Reed’s rulings in January 1890 eliminated a host of dilatory motions and tactics employed by the minority to block a final vote on declaring the Republican candidate the winner in a contested election case. His rulings included abolishing the “disappearing quorum” whereby minority party members could stall business by not answering to their names during a roll call vote. Reed simply told the clerk to take down the names anyway of those members whose presence he announced.
What was different about Reed’s maneuver was that his rulings did not overturn any standing House rules — they simply outlawed some long-standing practices used by the minority to obstruct House business. He subsequently asked the Rules Committee, which he chaired, to incorporate his rulings into the resolution adopting House standing rules for that Congress.
Senate Majority Leader Reid, on the other hand, in calling for the reconsideration of an unsuccessful cloture vote on a nomination to the U.S. Court of Appeals for the D.C. Circuit, pulled off his change by raising a point of order asserting that only a majority vote is required to invoke cloture on a filibuster of any executive or judicial branch nominees (other than to the Supreme Court).
When Senate President Pro Tem Patrick J. Leahy, D-Vt., ruled that Senate Rule 22 requires a three-fifths vote to invoke cloture on nominations, Reid appealed the ruling of the chair. That forced a vote on the question: “Shall the decision of the chair stand as the judgment of the Senate?” The Senate overturned the chair, 48-52.
Minority Leader Mitch McConnell, R-Ky., then raised a point of order that the Senate rule still required a three-fifths vote for cloture. Presiding officer Leahy responded that under “the precedent set by the Senate today … the threshold for cloture on nominations … is now a majority.” McConnell appealed the ruling, but Leahy was sustained by the same 52 senators who previously overruled him.

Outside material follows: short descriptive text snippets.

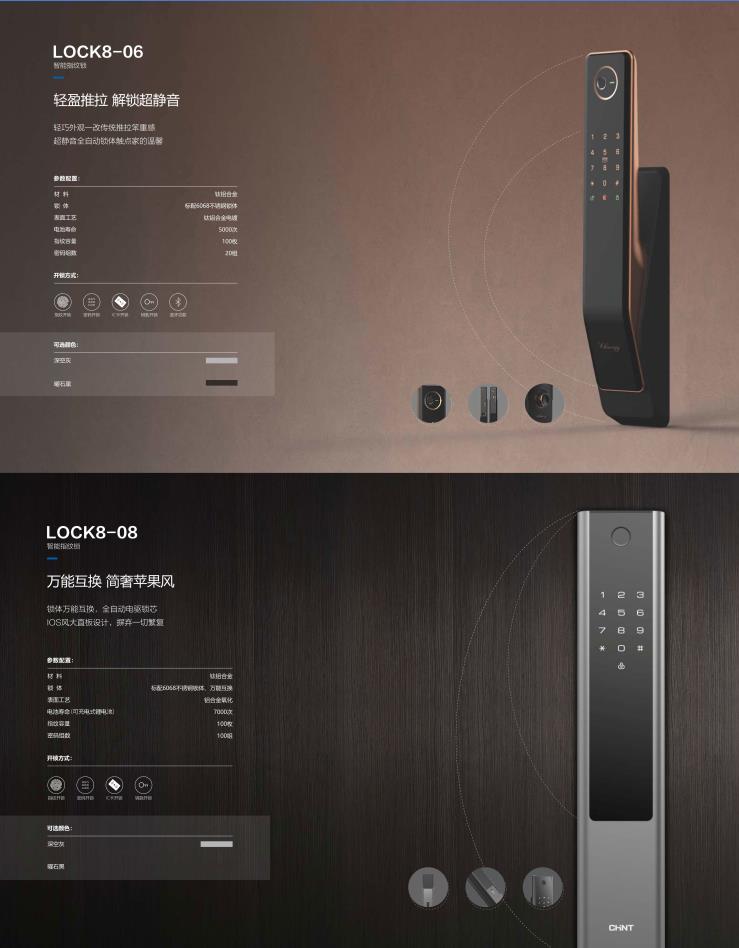 正泰智能鎖登陸2019年中國永康門博會，四大亮點(diǎn)搶先看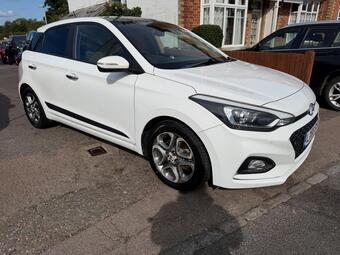 Hyundai i20 Hatchback 1.0 T-GDi Premium SE Nav Euro 6 (s/s) 5dr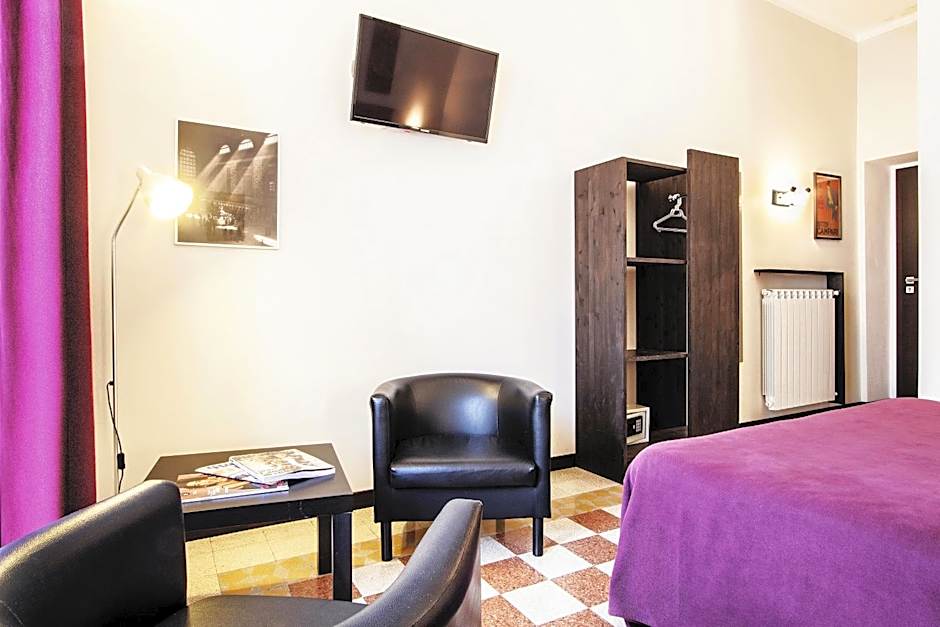 Old Kitchen Vatican Suites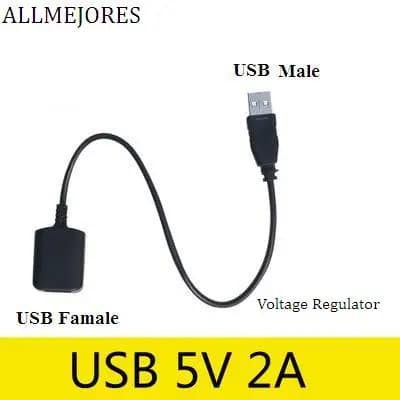 Regolatore di tensione solare 5V 2A. Caricatore solare USB maschio e banca di energia solare utilizzato regolatore USB.Controller. 10 pezzi/lotto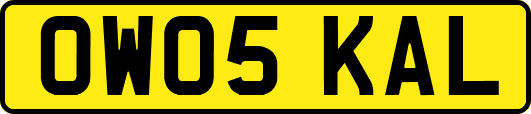 OW05KAL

Although Reid described his ploy as a rule change, Leahy’s characterization of it as a new precedent is more accurate. Reid’s point of order did not amend the standing rule requiring a three-fifths vote for cloture. It instead indirectly put that rule in abeyance for most nominations. According to former Senate Parliamentarian Floyd Riddick’s manual of procedure, if the chair’s decision on a point of order is overruled on appeal, the “decision of the Senate becomes a precedent for the Senate to follow in its future procedure until altered or reversed by a subsequent decision of the chair or by a vote of the Senate.”
Reed’s rules earned him the nickname “Czar Speaker” by Democrats, a sobriquet that carried forward to one of his successors, Speaker Joe Cannon, R-Ill. Ironically, the reign of Czar Speaker ended when a small group of progressive Republicans joined with Democrats in 1910 to offer a rule change on the floor to remove Cannon as chairman and a member of the Rules Committee. The insurgents claimed their motion was privileged under the Constitution’s clause that gives each house authority to determine the rules of its proceedings — what some today call “the constitutional option.”
Cannon, citing a ruling by a previous Democratic speaker, held that the motion was not privileged under the Constitution and that only the Rules Committee can originate rules changes. However, his decision was appealed and he lost. Time’s pendulum is a two-edged scythe.